> **WHAT YOU ARE ASKED TO DO**
Reproduce verbatim the lines of the material below, starting at the line with "Giant silkworm moth" and ending at the line with "Cadı, Pars ve", both inclusive; skip the rest.

> **DATASET RECORDS**
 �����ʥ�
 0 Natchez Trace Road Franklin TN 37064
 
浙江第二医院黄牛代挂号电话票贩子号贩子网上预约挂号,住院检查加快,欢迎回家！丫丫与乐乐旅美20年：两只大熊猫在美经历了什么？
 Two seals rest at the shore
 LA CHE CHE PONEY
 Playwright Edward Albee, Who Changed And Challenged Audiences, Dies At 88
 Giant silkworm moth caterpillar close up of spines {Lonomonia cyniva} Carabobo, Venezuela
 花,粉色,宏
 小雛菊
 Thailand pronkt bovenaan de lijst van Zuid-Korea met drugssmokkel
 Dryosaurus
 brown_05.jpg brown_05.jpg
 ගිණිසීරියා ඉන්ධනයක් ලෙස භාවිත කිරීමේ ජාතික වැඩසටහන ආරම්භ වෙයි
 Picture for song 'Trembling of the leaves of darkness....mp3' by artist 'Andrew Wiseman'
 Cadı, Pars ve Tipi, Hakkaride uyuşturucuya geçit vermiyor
--
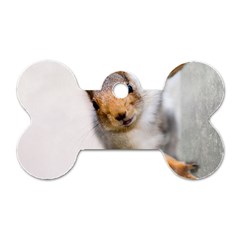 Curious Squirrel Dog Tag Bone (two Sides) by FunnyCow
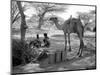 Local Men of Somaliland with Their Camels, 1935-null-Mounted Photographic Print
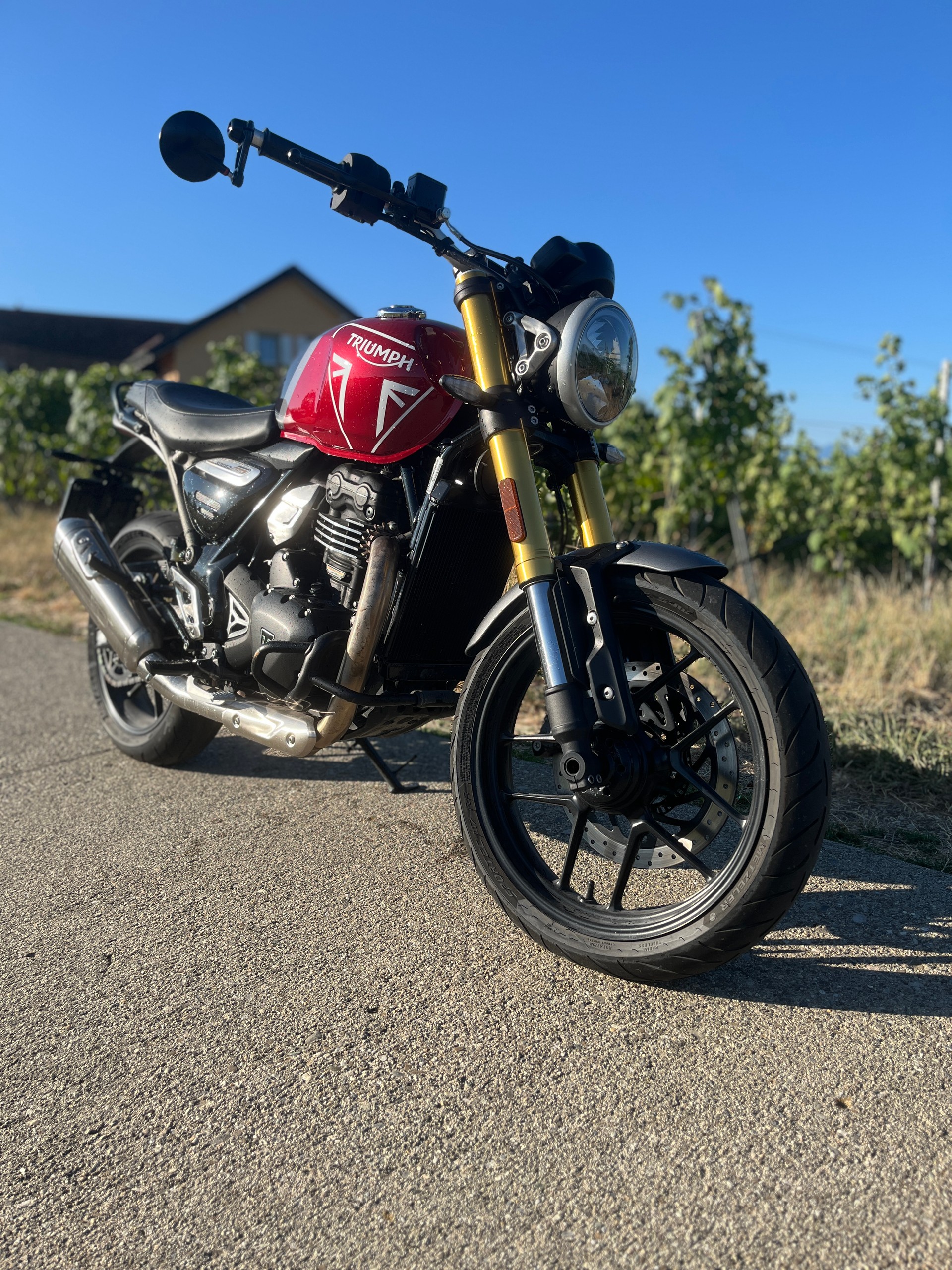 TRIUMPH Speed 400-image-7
* * *
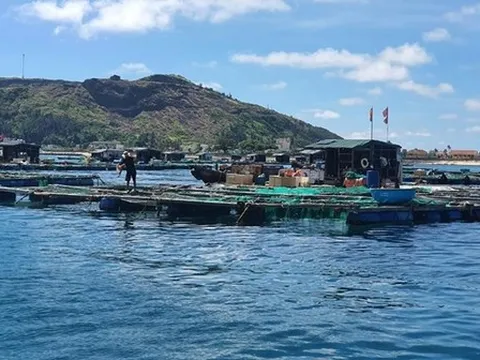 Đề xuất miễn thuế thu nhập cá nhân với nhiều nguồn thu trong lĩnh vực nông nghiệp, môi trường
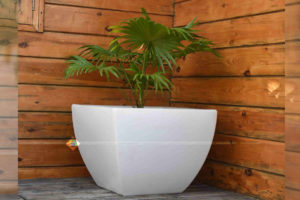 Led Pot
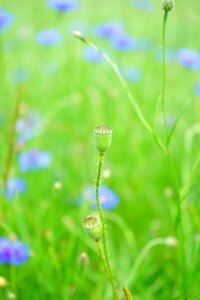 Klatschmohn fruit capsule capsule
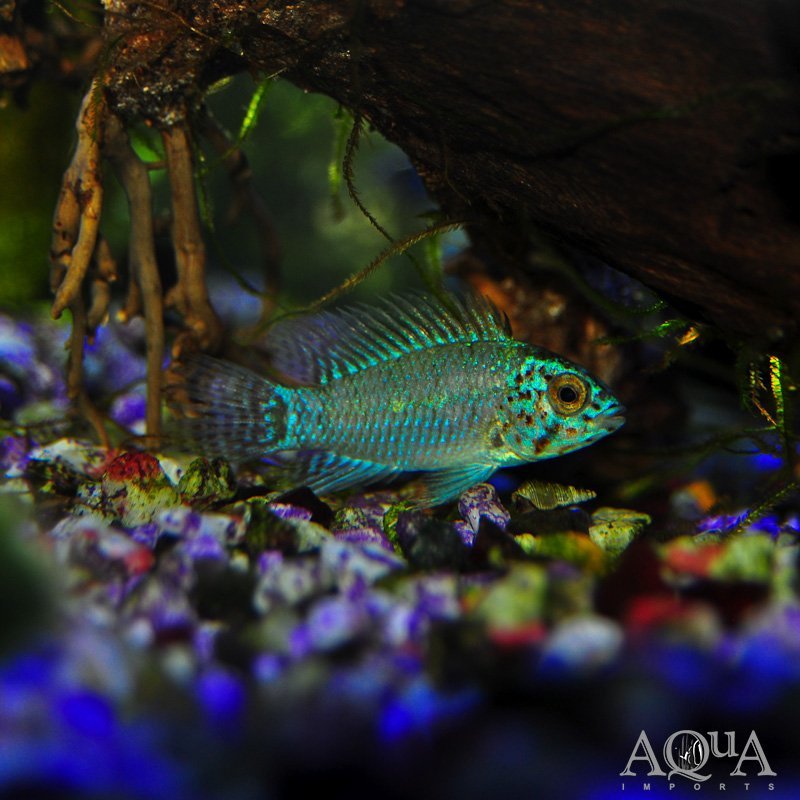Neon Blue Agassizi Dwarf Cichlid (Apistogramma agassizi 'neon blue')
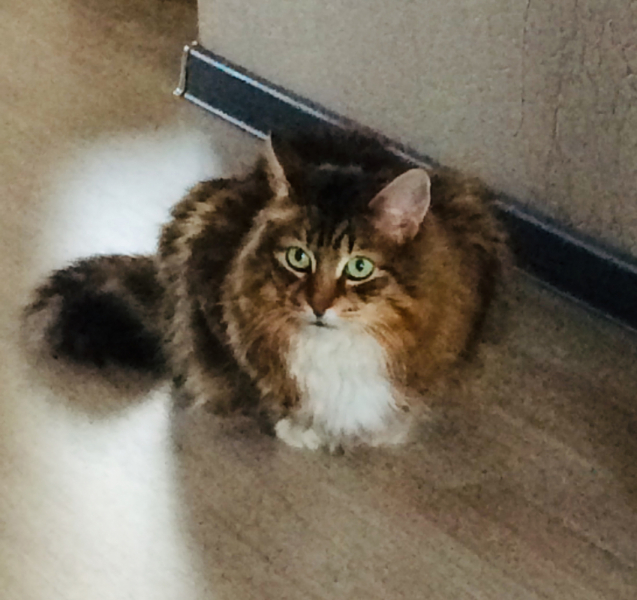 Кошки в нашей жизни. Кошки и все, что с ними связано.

> **PROBLEM SOLUTION**
 Giant silkworm moth caterpillar close up of spines {Lonomonia cyniva} Carabobo, Venezuela
 花,粉色,宏
 小雛菊
 Thailand pronkt bovenaan de lijst van Zuid-Korea met drugssmokkel
 Dryosaurus
 brown_05.jpg brown_05.jpg
 ගිණිසීරියා ඉන්ධනයක් ලෙස භාවිත කිරීමේ ජාතික වැඩසටහන ආරම්භ වෙයි
 Picture for song 'Trembling of the leaves of darkness....mp3' by artist 'Andrew Wiseman'
 Cadı, Pars ve Tipi, Hakkaride uyuşturucuya geçit vermiyor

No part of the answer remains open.